DESCRIPTION OF THE TASK: Your output should match the listing below word for word, without any images.

GIVEN INFORMATION:
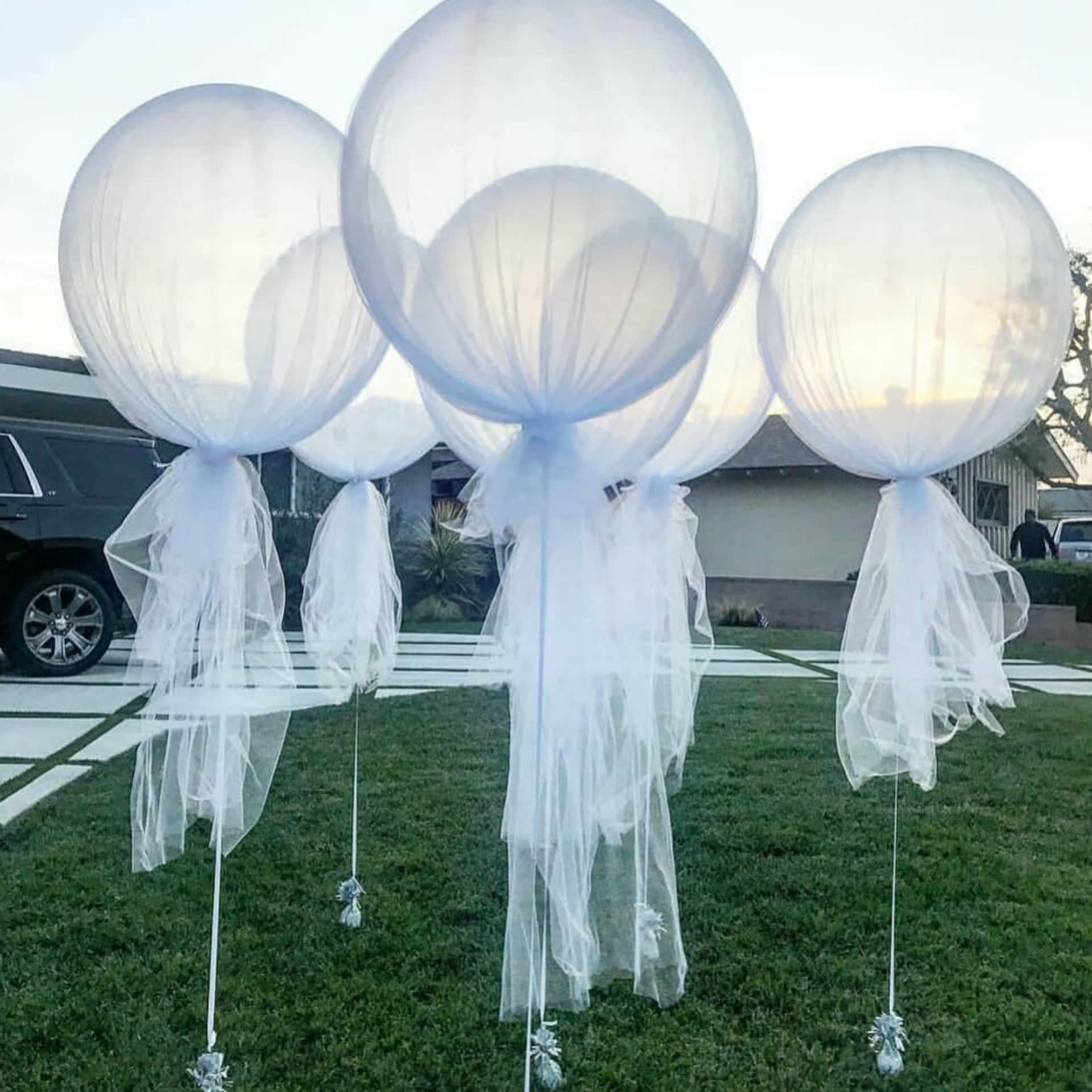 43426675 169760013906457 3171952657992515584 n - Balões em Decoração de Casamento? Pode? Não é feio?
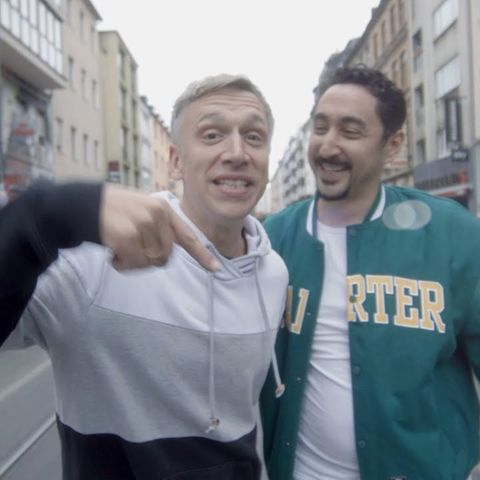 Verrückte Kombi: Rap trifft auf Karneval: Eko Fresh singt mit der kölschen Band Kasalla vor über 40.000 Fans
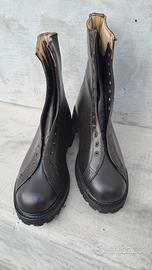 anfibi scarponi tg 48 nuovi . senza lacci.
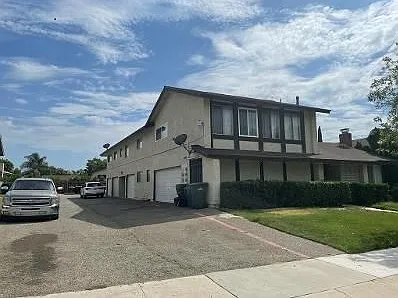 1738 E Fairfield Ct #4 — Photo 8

REPLY:
 43426675 169760013906457 3171952657992515584 n - Balões em Decoração de Casamento? Pode? Não é feio?
 Verrückte Kombi: Rap trifft auf Karneval: Eko Fresh singt mit der kölschen Band Kasalla vor über 40.000 Fans
 anfibi scarponi tg 48 nuovi . senza lacci.
 1738 E Fairfield Ct #4 — Photo 8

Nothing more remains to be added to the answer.